Reproduce every line of the material, exactly as given.

### The input
Start of Block

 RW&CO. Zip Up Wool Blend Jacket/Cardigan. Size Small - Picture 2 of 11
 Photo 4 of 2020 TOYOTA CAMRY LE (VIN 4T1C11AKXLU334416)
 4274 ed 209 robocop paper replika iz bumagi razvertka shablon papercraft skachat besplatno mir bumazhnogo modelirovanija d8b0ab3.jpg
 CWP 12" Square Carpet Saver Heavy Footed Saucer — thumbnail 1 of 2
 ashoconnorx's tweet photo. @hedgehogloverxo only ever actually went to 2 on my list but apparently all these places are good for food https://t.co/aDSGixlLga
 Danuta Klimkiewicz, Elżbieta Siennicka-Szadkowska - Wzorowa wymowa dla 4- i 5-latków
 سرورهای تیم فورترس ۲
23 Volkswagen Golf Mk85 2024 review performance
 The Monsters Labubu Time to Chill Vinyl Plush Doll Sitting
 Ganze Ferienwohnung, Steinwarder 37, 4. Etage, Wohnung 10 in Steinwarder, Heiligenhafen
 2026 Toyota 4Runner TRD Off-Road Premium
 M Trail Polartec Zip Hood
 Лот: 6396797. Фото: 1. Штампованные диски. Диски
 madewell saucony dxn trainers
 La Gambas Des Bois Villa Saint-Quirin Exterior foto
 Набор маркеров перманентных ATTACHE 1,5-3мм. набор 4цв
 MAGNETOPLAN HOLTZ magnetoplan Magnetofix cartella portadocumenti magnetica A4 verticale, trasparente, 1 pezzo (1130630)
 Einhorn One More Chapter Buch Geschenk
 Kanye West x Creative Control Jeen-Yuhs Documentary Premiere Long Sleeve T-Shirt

End of Block

### Written response
 RW&CO. Zip Up Wool Blend Jacket/Cardigan. Size Small - Picture 2 of 11
 Photo 4 of 2020 TOYOTA CAMRY LE (VIN 4T1C11AKXLU334416)
 4274 ed 209 robocop paper replika iz bumagi razvertka shablon papercraft skachat besplatno mir bumazhnogo modelirovanija d8b0ab3.jpg
 CWP 12" Square Carpet Saver Heavy Footed Saucer — thumbnail 1 of 2
 ashoconnorx's tweet photo. @hedgehogloverxo only ever actually went to 2 on my list but apparently all these places are good for food https://t.co/aDSGixlLga
 Danuta Klimkiewicz, Elżbieta Siennicka-Szadkowska - Wzorowa wymowa dla 4- i 5-latków
 سرورهای تیم فورترس ۲
23 Volkswagen Golf Mk85 2024 review performance
 The Monsters Labubu Time to Chill Vinyl Plush Doll Sitting
 Ganze Ferienwohnung, Steinwarder 37, 4. Etage, Wohnung 10 in Steinwarder, Heiligenhafen
 2026 Toyota 4Runner TRD Off-Road Premium
 M Trail Polartec Zip Hood
 Лот: 6396797. Фото: 1. Штампованные диски. Диски
 madewell saucony dxn trainers
 La Gambas Des Bois Villa Saint-Quirin Exterior foto
 Набор маркеров перманентных ATTACHE 1,5-3мм. набор 4цв
 MAGNETOPLAN HOLTZ magnetoplan Magnetofix cartella portadocumenti magnetica A4 verticale, trasparente, 1 pezzo (1130630)
 Einhorn One More Chapter Buch Geschenk
 Kanye West x Creative Control Jeen-Yuhs Documentary Premiere Long Sleeve T-Shirt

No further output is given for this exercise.